PFAS, yang juga dikenal sebagai “bahan kimia selamanya,” mencakup ribuan bahan kimia sintetis dan tidak hanya ada dalam kemasan makanan seperti kertas tahan panas, wadah makanan cepat saji, kertas kado, kantong berondong jagung microwave, kotak pizza, dan pembungkus permen, tetapi juga pada peralatan masak antilengket, kosmetik, pakaian tahan air, dan busa pemadam kebakaran.

Penguraian PFAS sangat lambat, yang menyebabkan akumulasi pada manusia, hewan, dan lingkungan dari waktu ke waktu. Paparan PFAS pada tingkat tertentu dapat menyebabkan hasil kesehatan yang merugikan, termasuk efek reproduksi dan perkembangan, peningkatan risiko kanker dan obesitas, serta penurunan fungsi kekebalan tubuh.

Pada 2022, 11 negara bagian di AS telah menerapkan peraturan untuk melarang penggunaan PFAS dalam kemasan makanan. Pada tahun 2020, McDonald’s dan Restaurant Brands International berjanji untuk menghilangkan semua PFAS dari bahan kemasan konsumen mereka pada 2025.

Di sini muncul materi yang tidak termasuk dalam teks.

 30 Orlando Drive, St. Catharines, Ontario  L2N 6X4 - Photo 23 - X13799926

Miriam Diamond, seorang profesor dari Departemen Ilmu Bumi di Universitas Toronto dan salah satu penulis laporan penelitian tersebut mengatakan:

“Karena Kanada membatasi plastik sekali pakai dalam peralatan layanan makanan, penelitian kami menunjukkan bahwa apa yang kita anggap sebagai alternatif yang lebih baik ternyata tidak begitu aman dan ramah lingkungan. Faktanya, mereka dapat membahayakan kesehatan dan lingkungan kita dengan menyediakan jalur langsung menuju paparan PFAS – pertama-tama dengan mencemari makanan yang kita makan, dan setelah dibuang, mencemari udara dan air minum kita.”

Diamond juga menekankan:

“Penggunaan PFAS dalam kemasan makanan adalah substitusi yang disesalkan karena menukar satu opsi berbahaya – plastik sekali pakai – dengan opsi lainnya. Kita perlu memperkuat manajemen bahan kimia untuk meningkatkan tanggung jawab perusahaan dan peraturan pemerintah.”

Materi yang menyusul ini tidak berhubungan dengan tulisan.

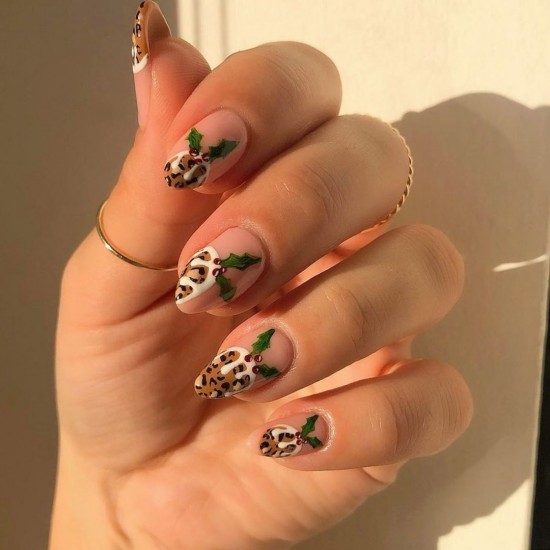 23 Charming Christmas & Holiday Nails — Leopard Print Christmas Pudding Tip Nails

Selain itu, dalam laporan yang diterbitkan di jurnal yang sama pada September 2022, tim peneliti Diamond menganalisis pakaian anak-anak di Kanada dan Amerika Serikat dan menemukan tingkat PFAS yang sangat tinggi dalam seragam sekolah, sarung tangan dengan jari-jari yang terintegrasi, dan produk lain yang dipasarkan sebagai produk yang tahan noda.

Selain itu, dalam laporan lain yang diterbitkan di jurnal yang sama pada Juni 2021, tim peneliti Diamond menguji kadar PFAS pada 231 kosmetik, menemukan konsentrasi tertinggi pada alas bedak, maskara, dan produk bibir, terutama yang berlabel “tahan lama”, “tahan air”, atau “tahan noda”.

“Masalah dengan PFAS adalah bahwa ia tidak diberi label sebagai bahan, jadi jika Anda ingin membatasi penggunaan produk tertentu yang mengandung bahan kimia ini, Anda biasanya tidak tahu apa itu,” kata Diamond. 

“Saat itulah kata kunci akan memberi tahu Anda -seperti tahan noda dan tahan air. Tetapi kewaspadaan ini seharusnya tidak hanya menjadi tanggung jawab konsumen,” pungkasnya.  (asr)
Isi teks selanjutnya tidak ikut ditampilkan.